Why Women Aren’t CEOs… and Women of Color Though?

From NYT:

The Lean In survey shows a pervasive sense among women that they face structural disadvantages: They are less likely than men to believe they will be able to participate in meetings, receive challenging assignments or find their contributions valued. The bleakest perceptions are from minority women; only 29 percent of black women think the best opportunities at their companies go to the most deserving employees, compared with 47 percent of white women.

There’s also an interesting intersectionality bit here that’s been better explored in not brief NYT Sunday edition article. I would say a lot Women of Color in general have had to learn to fight and advocate for themselves, suffer no fools, because we always existed in innately hostile environments, even in our own communities. We’ve always known life is not fair.

It also highlights a point here about bleak assessments of meritocracy compared to White women, whose assessments are already pretty bleak, because your assertiveness and success combined with another layer of identity becomes a liability and a threat.

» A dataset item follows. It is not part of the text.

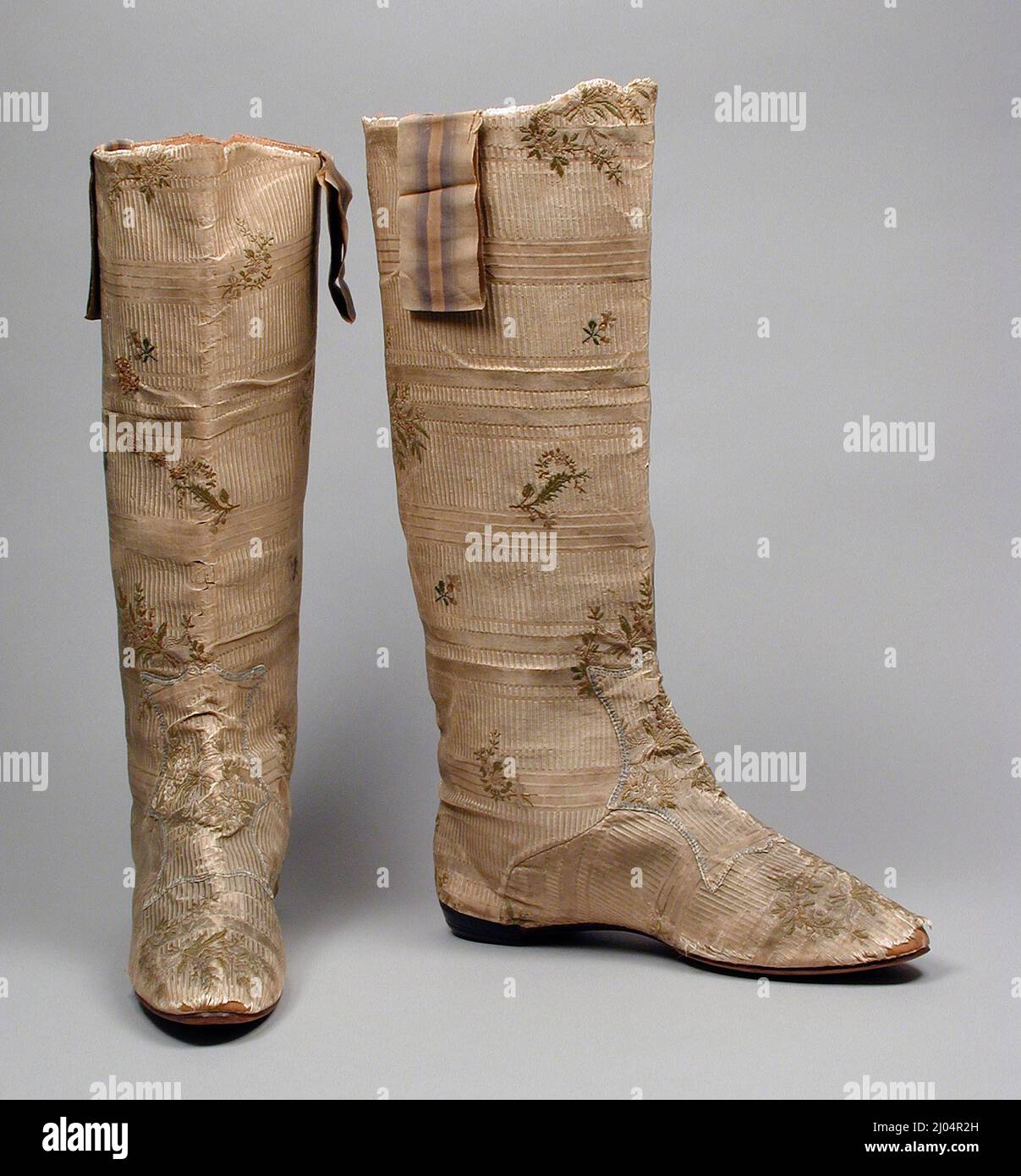 Uomo Boots (Hessian). Probabilmente Inghilterra, circa 1820. Costumi; Accessori. Tessitura piana di seta con disegno del galleggiante di trama e disegno supplementare di trama e di ordito di seta (broccato) e cuoio Foto Stock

Let’s be real, people are not okay being lead by a White Woman (53% of White Women voted for Trump), let alone by an Asian Woman, a Latina Woman, or Black Woman. Work twice as hard for half as much. And it’s worse outside of US borders in many places. It also begs the question, when to bother with spaces that aren’t made for us for success? I’m asking a different question than quitting for less ambition, when does it become about building own capital and markets – and how?

Side note: It’s interesting on the East Coast because I love hanging out the follow transplanted West Coast tribe of Asian women out here we’re a bunch of aggressive non-assimilationists, and people have no idea what to do with us or what we are here (I’d say in business, life, and love). We do it for the culture.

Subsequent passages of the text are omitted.